DATA SHOWN:
----------
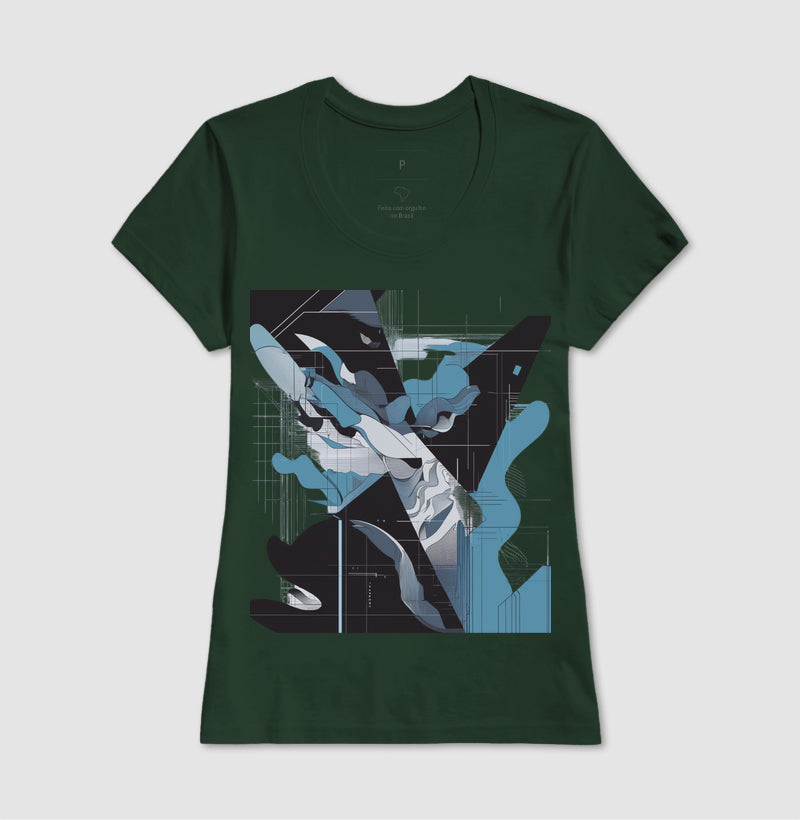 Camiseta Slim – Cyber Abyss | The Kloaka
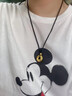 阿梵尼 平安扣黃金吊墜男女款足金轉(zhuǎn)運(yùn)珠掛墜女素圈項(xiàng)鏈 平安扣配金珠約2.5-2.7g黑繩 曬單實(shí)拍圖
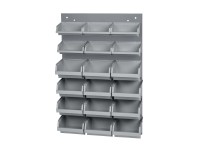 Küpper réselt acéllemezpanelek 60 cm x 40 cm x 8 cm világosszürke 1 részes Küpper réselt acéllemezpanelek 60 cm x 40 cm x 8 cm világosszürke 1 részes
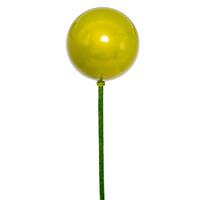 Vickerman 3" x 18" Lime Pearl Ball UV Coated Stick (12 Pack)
----------
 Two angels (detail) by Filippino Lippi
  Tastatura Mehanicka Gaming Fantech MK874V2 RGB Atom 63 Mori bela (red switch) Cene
----------
TASK ITEM: Using the entries above, repeat exactly the lines from the one with "Camiseta Slim – Cyber Abyss | The Kloaka" to the one with "Stick (12 Pack)", both included, and leave the pictures behind.

RESULT OF THIS TASK:
 Camiseta Slim – Cyber Abyss | The Kloaka
 阿梵尼 平安扣黃金吊墜男女款足金轉(zhuǎn)運(yùn)珠掛墜女素圈項(xiàng)鏈 平安扣配金珠約2.5-2.7g黑繩 曬單實(shí)拍圖
 Küpper réselt acéllemezpanelek 60 cm x 40 cm x 8 cm világosszürke 1 részes Küpper réselt acéllemezpanelek 60 cm x 40 cm x 8 cm világosszürke 1 részes
 Vickerman 3" x 18" Lime Pearl Ball UV Coated Stick (12 Pack)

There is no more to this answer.